▶ Task brief:
Return exactly the span of lines in the following data that opens with the line containing "Dehradun:-मुख्य सचिव आनन्द" and closes with the line containing "Used 2025 MAZDA". Include nothing else.

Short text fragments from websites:
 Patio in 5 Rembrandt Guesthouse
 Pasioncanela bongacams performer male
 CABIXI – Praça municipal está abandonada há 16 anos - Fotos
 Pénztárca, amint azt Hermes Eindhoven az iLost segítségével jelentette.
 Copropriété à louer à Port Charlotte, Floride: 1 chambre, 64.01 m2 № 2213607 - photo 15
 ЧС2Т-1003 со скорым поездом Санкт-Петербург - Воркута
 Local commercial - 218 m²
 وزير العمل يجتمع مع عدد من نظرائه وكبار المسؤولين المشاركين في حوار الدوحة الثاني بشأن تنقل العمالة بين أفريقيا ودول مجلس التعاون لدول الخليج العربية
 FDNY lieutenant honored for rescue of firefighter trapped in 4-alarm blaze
==
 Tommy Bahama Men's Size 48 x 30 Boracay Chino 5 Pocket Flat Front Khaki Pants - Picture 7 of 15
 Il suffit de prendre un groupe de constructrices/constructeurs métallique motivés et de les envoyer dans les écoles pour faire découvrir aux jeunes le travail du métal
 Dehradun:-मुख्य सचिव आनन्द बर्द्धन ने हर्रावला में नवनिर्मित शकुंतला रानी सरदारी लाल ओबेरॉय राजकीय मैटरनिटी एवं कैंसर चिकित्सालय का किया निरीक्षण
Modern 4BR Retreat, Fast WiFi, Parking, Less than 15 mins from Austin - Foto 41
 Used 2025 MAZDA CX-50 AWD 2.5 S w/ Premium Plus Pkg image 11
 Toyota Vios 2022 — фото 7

▶ Written solution:
 Dehradun:-मुख्य सचिव आनन्द बर्द्धन ने हर्रावला में नवनिर्मित शकुंतला रानी सरदारी लाल ओबेरॉय राजकीय मैटरनिटी एवं कैंसर चिकित्सालय का किया निरीक्षण
Modern 4BR Retreat, Fast WiFi, Parking, Less than 15 mins from Austin - Foto 41
 Used 2025 MAZDA CX-50 AWD 2.5 S w/ Premium Plus Pkg image 11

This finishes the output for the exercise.